[llvm] [BOLT][AArch64] Add call relaxation pass (PR #173952)
Maksim Panchenko via llvm-commits
llvm-commits at lists.llvm.org
Sun Jan 11 12:54:45 PST 2026
================
@@ -944,13 +953,306 @@ void LongJmpPass::relaxLocalBranches(BinaryFunction &BF) {
}
}
+void LongJmpPass::relaxCalls(BinaryContext &BC) {
+ // Operate on a copy of binary functions. We are going to manually insert new
+ // thunks and update the list.
+ BinaryFunctionListType OutputFunctions = BC.getOutputBinaryFunctions();
+
+ // Conservatively estimate emitted function size. Assume the worst case
+ // alignment.
+ auto estimateFunctionSize = [&](const BinaryFunction &BF) -> uint64_t {
+ if (!BC.shouldEmit(BF))
+ return 0;
+ uint64_t Size = BF.estimateSize();
+ if (BF.hasValidIndex())
+ Size += BF.getAlignment();
+
+ if (BF.hasIslandsInfo()) {
+ Size += BF.getConstantIslandAlignment();
+ Size += BF.estimateConstantIslandSize();
+ }
+
+ return Size;
+ };
+
+ // Map every function to its direct callees. Note that this is different from
+ // the regular call graph as here we completely ignore indirect calls.

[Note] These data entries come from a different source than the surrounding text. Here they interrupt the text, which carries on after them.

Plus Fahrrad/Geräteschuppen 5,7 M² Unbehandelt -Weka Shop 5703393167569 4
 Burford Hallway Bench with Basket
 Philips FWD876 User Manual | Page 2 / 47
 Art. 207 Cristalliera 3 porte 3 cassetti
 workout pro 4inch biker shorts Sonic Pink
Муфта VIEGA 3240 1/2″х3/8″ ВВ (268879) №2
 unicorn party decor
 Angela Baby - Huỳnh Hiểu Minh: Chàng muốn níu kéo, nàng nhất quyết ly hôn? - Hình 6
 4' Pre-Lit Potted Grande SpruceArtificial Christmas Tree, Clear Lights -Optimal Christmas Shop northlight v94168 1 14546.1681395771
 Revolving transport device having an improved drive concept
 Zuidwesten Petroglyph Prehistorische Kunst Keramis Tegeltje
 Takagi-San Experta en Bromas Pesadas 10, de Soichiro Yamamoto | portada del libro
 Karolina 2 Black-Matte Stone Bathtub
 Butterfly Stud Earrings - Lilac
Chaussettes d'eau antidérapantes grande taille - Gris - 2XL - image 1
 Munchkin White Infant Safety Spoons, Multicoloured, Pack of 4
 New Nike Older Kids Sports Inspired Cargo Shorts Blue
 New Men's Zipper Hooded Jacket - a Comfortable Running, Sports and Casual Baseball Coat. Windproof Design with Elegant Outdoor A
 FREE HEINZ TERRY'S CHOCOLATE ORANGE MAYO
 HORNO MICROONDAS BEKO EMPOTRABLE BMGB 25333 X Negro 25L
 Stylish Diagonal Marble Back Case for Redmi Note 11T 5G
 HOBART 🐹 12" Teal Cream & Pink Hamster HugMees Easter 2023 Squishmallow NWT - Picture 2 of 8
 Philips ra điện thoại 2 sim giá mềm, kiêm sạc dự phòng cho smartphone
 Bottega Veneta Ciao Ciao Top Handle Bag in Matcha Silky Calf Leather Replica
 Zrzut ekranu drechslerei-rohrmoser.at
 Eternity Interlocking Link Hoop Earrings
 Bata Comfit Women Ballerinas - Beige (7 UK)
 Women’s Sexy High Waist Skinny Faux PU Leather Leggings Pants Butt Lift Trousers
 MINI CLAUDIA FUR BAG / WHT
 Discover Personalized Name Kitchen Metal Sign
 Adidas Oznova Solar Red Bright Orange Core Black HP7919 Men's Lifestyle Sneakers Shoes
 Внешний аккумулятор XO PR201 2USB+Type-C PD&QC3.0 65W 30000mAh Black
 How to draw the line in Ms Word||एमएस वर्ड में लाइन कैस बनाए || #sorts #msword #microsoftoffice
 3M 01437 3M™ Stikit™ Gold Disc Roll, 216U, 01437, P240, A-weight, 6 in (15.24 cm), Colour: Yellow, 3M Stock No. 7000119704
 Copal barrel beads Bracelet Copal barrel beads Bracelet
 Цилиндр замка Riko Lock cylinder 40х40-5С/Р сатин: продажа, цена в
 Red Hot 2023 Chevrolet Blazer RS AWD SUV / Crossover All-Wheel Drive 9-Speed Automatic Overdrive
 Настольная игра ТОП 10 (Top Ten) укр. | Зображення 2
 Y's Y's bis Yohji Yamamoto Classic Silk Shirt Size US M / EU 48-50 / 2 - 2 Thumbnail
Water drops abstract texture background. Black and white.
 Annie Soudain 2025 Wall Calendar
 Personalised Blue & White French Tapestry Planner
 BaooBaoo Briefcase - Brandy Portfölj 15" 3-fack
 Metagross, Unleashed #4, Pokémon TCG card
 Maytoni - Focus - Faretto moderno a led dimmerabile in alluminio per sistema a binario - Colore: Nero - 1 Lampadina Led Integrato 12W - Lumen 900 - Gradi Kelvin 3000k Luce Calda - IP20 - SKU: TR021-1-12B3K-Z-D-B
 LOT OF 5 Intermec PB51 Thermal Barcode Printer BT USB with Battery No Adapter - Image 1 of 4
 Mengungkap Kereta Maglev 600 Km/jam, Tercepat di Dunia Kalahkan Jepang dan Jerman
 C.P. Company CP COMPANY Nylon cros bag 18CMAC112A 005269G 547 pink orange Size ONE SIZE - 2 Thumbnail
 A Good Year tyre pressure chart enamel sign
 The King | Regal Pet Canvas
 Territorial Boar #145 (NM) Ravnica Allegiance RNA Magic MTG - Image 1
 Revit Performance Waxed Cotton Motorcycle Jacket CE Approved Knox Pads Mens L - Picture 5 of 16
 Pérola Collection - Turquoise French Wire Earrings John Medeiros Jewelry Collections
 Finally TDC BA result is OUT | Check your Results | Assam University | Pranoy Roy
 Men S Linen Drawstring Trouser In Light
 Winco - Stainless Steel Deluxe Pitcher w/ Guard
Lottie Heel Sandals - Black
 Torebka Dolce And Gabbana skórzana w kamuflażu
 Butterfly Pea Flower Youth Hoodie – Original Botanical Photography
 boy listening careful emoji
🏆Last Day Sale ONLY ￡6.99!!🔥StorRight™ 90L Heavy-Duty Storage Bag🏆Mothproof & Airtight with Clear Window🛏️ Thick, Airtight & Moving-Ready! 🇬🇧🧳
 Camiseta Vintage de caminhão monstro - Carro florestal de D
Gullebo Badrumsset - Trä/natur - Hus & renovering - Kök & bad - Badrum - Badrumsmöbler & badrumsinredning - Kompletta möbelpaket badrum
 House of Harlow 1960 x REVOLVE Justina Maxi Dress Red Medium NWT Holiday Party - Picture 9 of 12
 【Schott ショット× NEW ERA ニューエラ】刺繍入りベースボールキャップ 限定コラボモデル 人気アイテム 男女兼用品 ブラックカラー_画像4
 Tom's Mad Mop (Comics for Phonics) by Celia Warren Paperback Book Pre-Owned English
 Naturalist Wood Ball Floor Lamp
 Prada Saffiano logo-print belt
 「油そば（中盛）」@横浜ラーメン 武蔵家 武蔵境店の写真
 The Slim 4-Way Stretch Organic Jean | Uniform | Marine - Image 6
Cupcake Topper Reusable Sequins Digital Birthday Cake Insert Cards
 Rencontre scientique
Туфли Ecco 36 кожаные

+ uint64_t EstimatedSize = 0;
+ DenseMap<BinaryFunction *, std::set<const MCSymbol *>> CallMap;
+ for (BinaryFunction *BF : OutputFunctions) {
+ if (!BC.shouldEmit(*BF) || BF->isPatch())
+ continue;
+
+ EstimatedSize += estimateFunctionSize(*BF);
+
+ for (const BinaryBasicBlock &BB : *BF) {
+ for (const MCInst &Inst : BB) {
+ if (!BC.MIB->isCall(Inst) || BC.MIB->isIndirectCall(Inst) ||
+ BC.MIB->isIndirectBranch(Inst))
+ continue;
+ const MCSymbol *TargetSymbol = BC.MIB->getTargetSymbol(Inst);
+ assert(TargetSymbol);
+
+ // Ignore internal calls that use basic block labels as a destination.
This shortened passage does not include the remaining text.